Why do we trust academics more than CEOs?

31 January, 2014

Last week the new Edelman Trust Barometer confirmed that there is no public figure we trust more than the academic. This has been a pretty consistent finding since the start of the survey in 2001: academics average 65% trustworthiness with little variance between years.

Meanwhile, our perceptions of all the other roles featured in the Trust Barometer are changed by events and trends. The trustworthiness of “people like us” has risen with social media: 47% credible in 2009 and 62% in the 2014 survey. Our trust in CEOs varies wildly, dipping to 31% just after the fall of Lehman Brothers.

edelman graph

Are academics just more trustworthy? I doubt it. They’re as human and prone to temptation as CEOs. If you look long enough you’ll find cases of shameless plagiarism, where scholars claim the work of others as their own original research. If you’re inclined to believe the documentary ‘Inside Job’, professors made stacks of money legitimising the corporate strategies which caused the credit crisis. Even if you accept the reasonable defence that they weren’t hired as clairvoyants, they were still less than open about conflicts of interest between their consultancy income and their research.

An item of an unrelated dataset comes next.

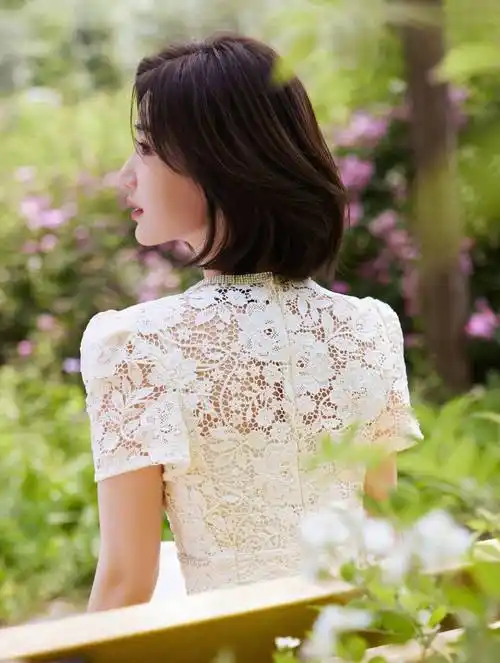 毛晓彤白色时尚镂空裙造型_短发_魅力_裙子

In other words, the distance that allows academics to think independently was not obvious. As Orit Gadiesh of Bain pointed out in an excellent Davos debate last week on surveillance (20’40” of the webcast), it’s not enough to earn trust. You need to be seen to be earning it.

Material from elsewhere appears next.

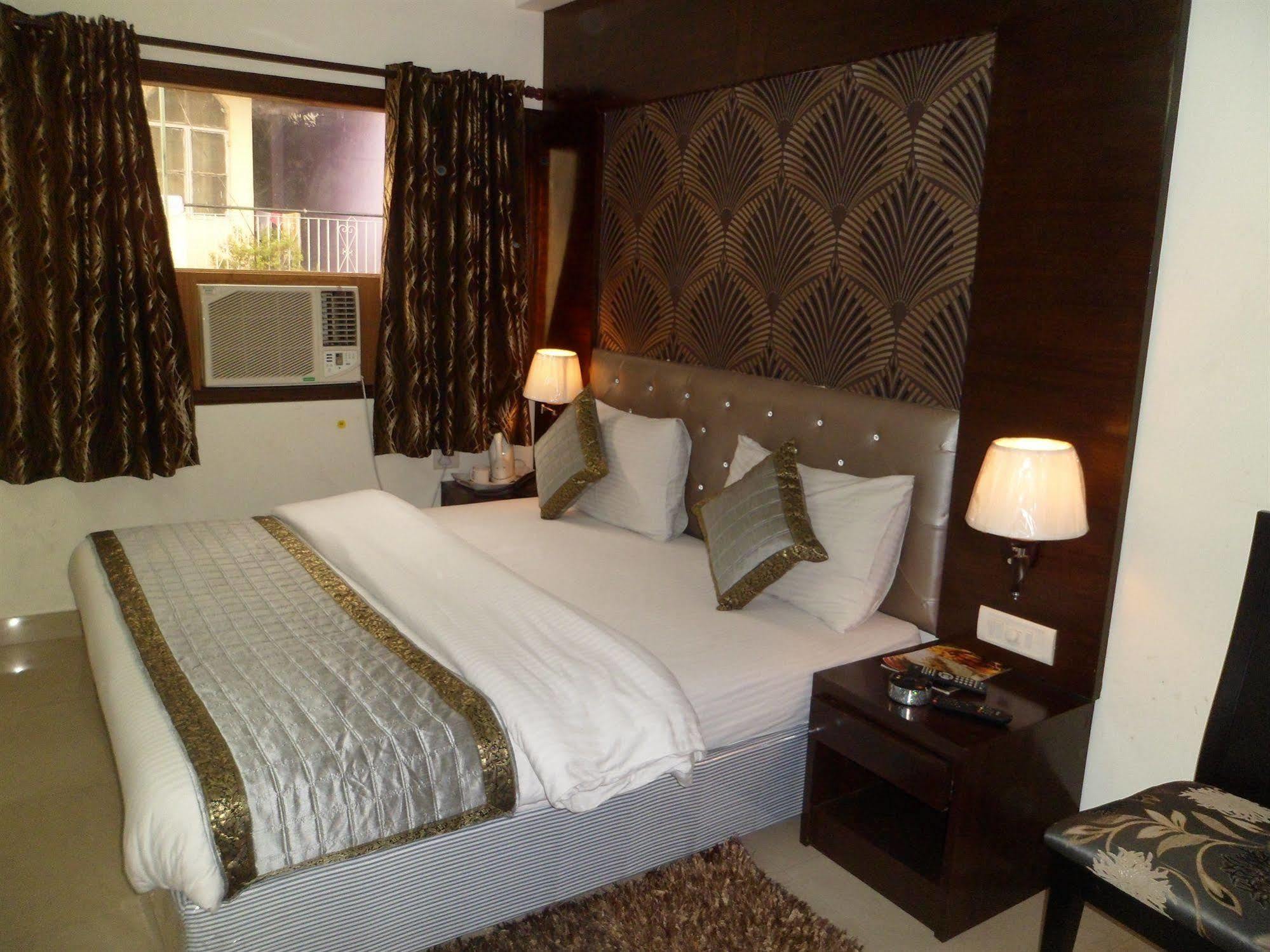 Hotel Arjun Ню Делхи Екстериор снимка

So if there aren’t obvious moral differences between academics and CEOs, the question turns back to us. Why do we trust academics more? I think we trust them in large part because their lives are simpler.

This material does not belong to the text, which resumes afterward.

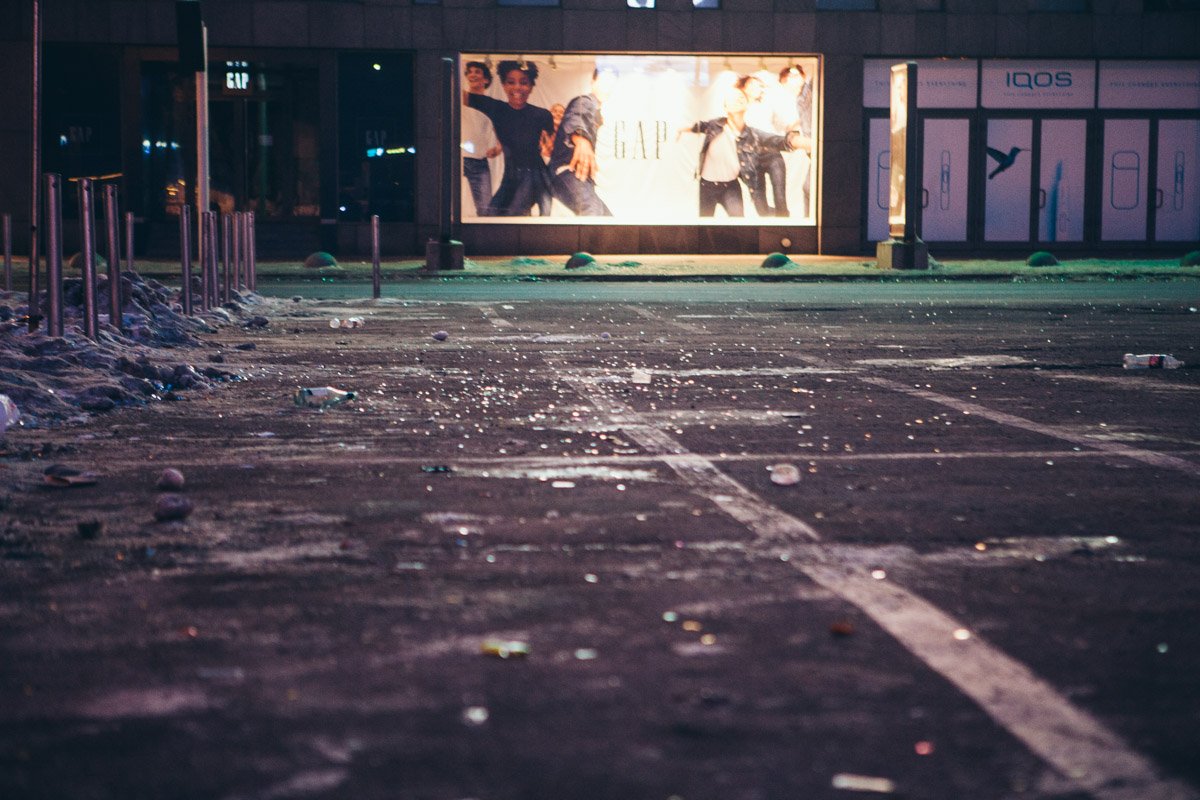 Нашлись и те ценители куража, которые допив бутылку шампанского, разбивали ее об асфальт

Look at the tensions managed by senior people in firms. They struggle daily because organisational life is littered with tensions that are hard to resolve. Collaboration vs dissent is a typical example. We admire collaboration because teams don’t function without it. We also admire dissent because without it you don’t get innovation. On their own they each make perfect sense. Put them together and they fight: too much collaboration can make groups think like sheep, and if the culture is all about the dissenting individual, collaboration usually exists only in the company’s rhetoric. The ideal everyone agrees (practitioners and scholars alike) is to juggle opposites so that no one side prevails. However real people are often forced to make ugly choices. Think short term vs long term goals, or the uneven incentives that get in the way of the triple bottom line.

For academics the stakes are much less high. The main tension of their professional life is research vs teaching, and yet indifferent teaching often incurs no sanctions in universities. Outstanding research builds reputations and so should great lectures. Some academics juggle both very well, particularly where both are equally incentivised, but teaching remains an afterthought for many – at least in this country. In fact, judging by a recent project I carried out, a significant minority of academics still think it’s fine to see all forms of marketing (including adapting to what their customers/students want) as the enemy of academic integrity. If they think this it’s because they’re allowed to.

Trust is portrayed as a kind of richter scale we apply to all human activity: an absolute standard which people pass or fail. This feeds a belief that trustworthiness is all about the individual. My father mistrusted people whose eyes were too close together, and it was a seductive theory. But we should also factor in the nature of the challenge. It’s arguably harder to be a trustworthy CEO than a trustworthy academic, and it’s certainly daft to assume their lives have the same levels of complexity and risk.

{ 2 comments… read them below or add one }

Edward Mason February 2, 2014 at 6:04 pm

Great provocative piece. Could it also be because academic output is seen as affecting our financial well-being less directly? Politicians, bankers, estate agents – they all are seen as being on the make at our expense. Whilst academics can actually make an immense difference to our long-term welfare, their influence is generally seen as being dependent upon our own receptiveness to their research or their teaching as individuals.


Andreas Liefooghe February 5, 2014 at 8:55 am

As an academic, I chuckled at the idea of my life being simpler. Do captains of industry spend their time pondering the ramifications of a Cartesian subject-object split versus a Freudian divided self in understanding suffering? Or how a discursive turn heralds the demise of the subject?
No. I think we are trusted because we do passionately care about something that, in the overall scheme of things, matters so little.